Herrera combatió desde las Bocas del Toro hasta las goteras de la ciudad de Panamá, al arrinconar a los conservadores detrás de sus murallas, donde recibieron el amparo de los cañones de los barcos y de los fusiles de los marines estadounidenses apostados en la vía férrea que unía los dos océanos”.

La suerte que acompañaba al liberal Herrera, en el interior del país premiaba el desánimo, tanto, que hizo al general Uribe Uribe buscar la paz por medio de un tratado.

“Su firma, el 24 de octubre de 1902 en la finca Neerlandia, de donde toma su nombre, induce a Benjamín Herrera a pensar en una fórmula similar.

El Tratado de Neerlandia, los cañones estadounidenses apuntados hacia los puertos y la amenaza de su intervención directa llevan al general Herrera a aceptar el ofrecimiento de los norteamericanos para que en su buque insignia, el Wisconsin, fondeado en el puerto de Ciudad de Panamá, se reúnan las comisiones de las fuerzas beligerantes para acordar un tratado de paz. Allí durante varios días se reúnen las comisiones respectivas y el 21 de noviembre de 1902.

Por otra parte, Casanova afirma, además, que para la época de las confrontaciones de los partidos de mediados del siglo XX, el Magdalena Grande no fue directamente afectada por las disputas entre ‘godos’ y ‘cachiporros’, no así para las regiones de los Santanderes, Tolima y Cundinamarca.

En tal sentido, el Historiador reconoce como una razón viable a la no extensión de estos brotes de guerra en la región Caribe, al carácter y personalidad de ver las cosas de los caribeños, “para ellos, esta manera de ser hizo que no fuera tan intenso como se vio en las regiones del interior. Estos últimos, más afiebrados y recalcitrantes con respecto a los temas políticos.

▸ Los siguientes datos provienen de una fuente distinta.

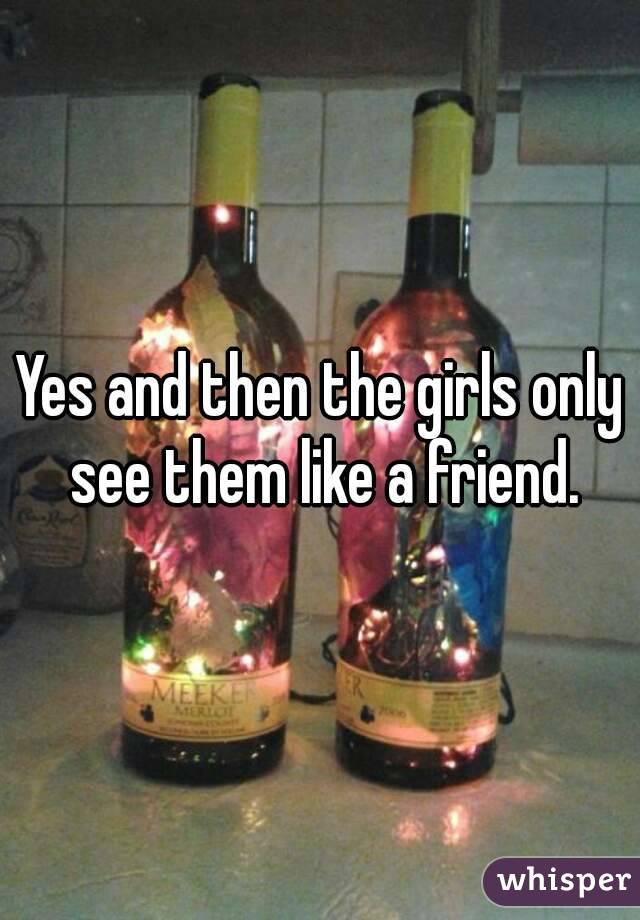 Yes and then the girls only see them like a friend.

Es así, que para el Gran Departamento su participación en lo sucedido de la Colombia polarizada, fue la recepción de cientos de desplazados que huyeron de sus regiones, sobre todo las del sector rural, a las zonas del Caribe para instalarse allí y salvaguardar sus vidas.

Un caso específico de la afectación bipartidista, y tal vez la más cercana a la Costa, fue la ocurrida en el municipio de El Carmen, Norte de Santander, cuando para noviembre de 1949 fue invadido por la policía conservadora, denominada ‘Chulavita’ y comandada por el gobernador de este Departamento, Lucio Pabón Núñez, para masacrar a más de un centenar de personas que proclamaban en una región netamente conservadora, el liberalismo gaitanista”.

Eventos como el narrado desató para finales de los 40 el desplazamiento y la posterior conformación de municipios como Pelaya, Pueblo Bello y el corregimiento de San José de Oriente en La Paz, Cesar.

Muchos de estos inmigrantes arribaron a pueblos grandes como Valledupar y Santa Marta y fueron los encargados de impulsar la conformación de innumerables empresas e industrias que permitieron crecer económicamente a estas ciudades de la región Caribe colombiana.